» Short web captions
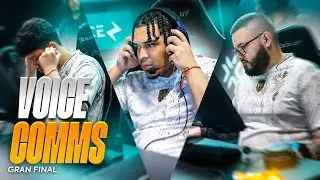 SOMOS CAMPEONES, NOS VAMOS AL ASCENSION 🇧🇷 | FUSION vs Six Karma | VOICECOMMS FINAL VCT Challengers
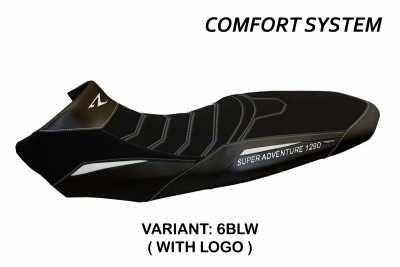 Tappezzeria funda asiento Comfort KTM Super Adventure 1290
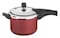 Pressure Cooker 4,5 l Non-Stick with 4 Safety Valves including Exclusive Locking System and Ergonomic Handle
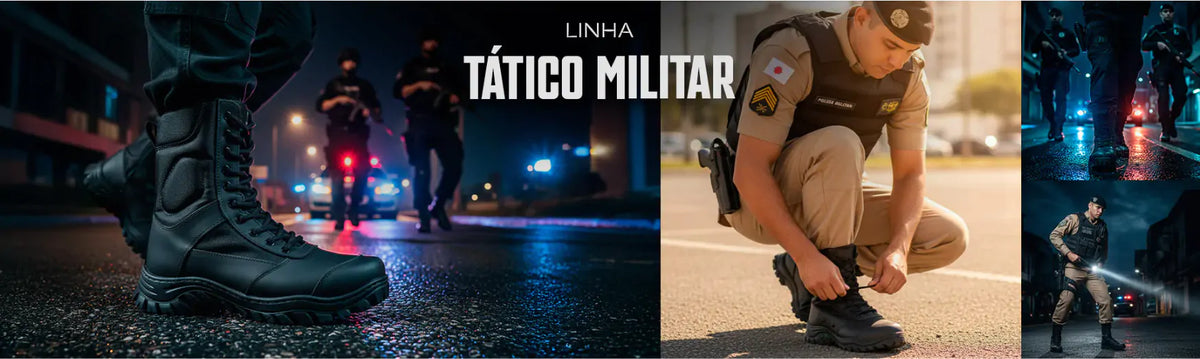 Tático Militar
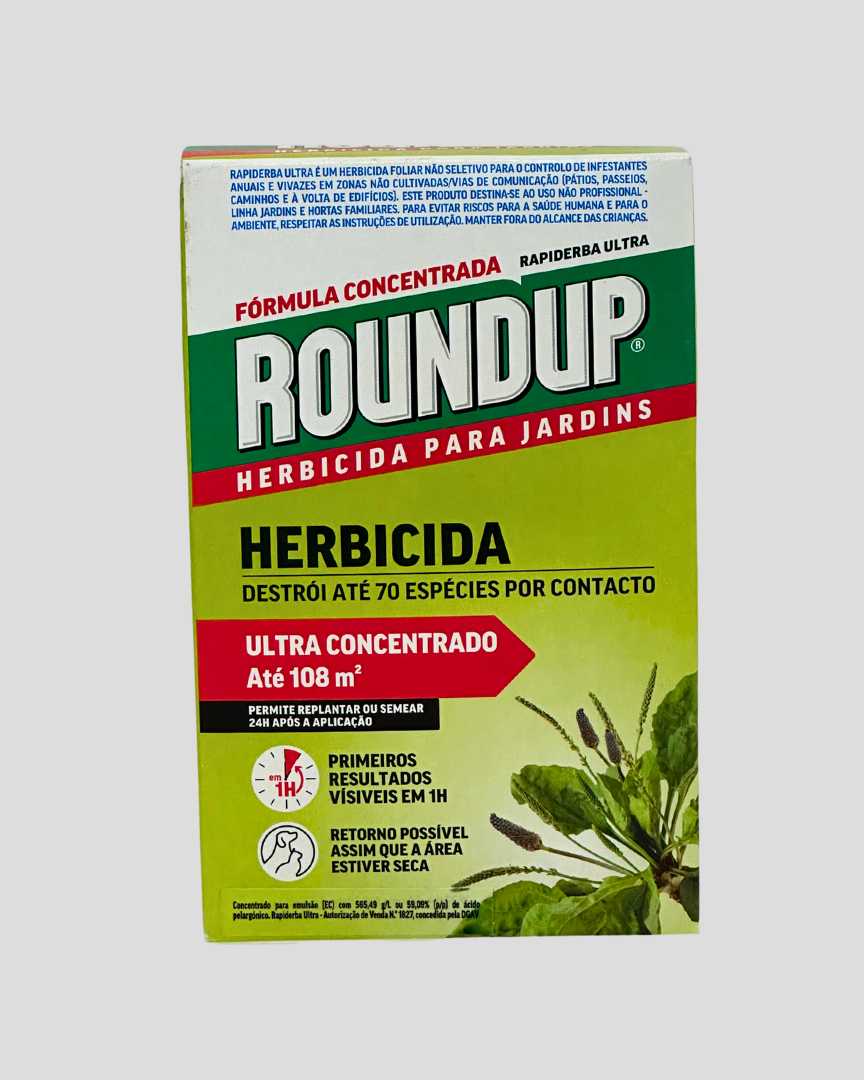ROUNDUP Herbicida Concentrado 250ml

--

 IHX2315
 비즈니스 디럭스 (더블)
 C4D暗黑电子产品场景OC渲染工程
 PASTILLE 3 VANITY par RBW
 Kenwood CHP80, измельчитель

» DIRECTIONS
Above are some records. Reproduce the lines from the one with "SOMOS CAMPEONES, NOS" down to the one with "ROUNDUP Herbicida Concentrado 250ml", keeping both, and leave every picture out.

» RESPONSE TO THIS TASK
 SOMOS CAMPEONES, NOS VAMOS AL ASCENSION 🇧🇷 | FUSION vs Six Karma | VOICECOMMS FINAL VCT Challengers
 Tappezzeria funda asiento Comfort KTM Super Adventure 1290
 Pressure Cooker 4,5 l Non-Stick with 4 Safety Valves including Exclusive Locking System and Ergonomic Handle
 Tático Militar
ROUNDUP Herbicida Concentrado 250ml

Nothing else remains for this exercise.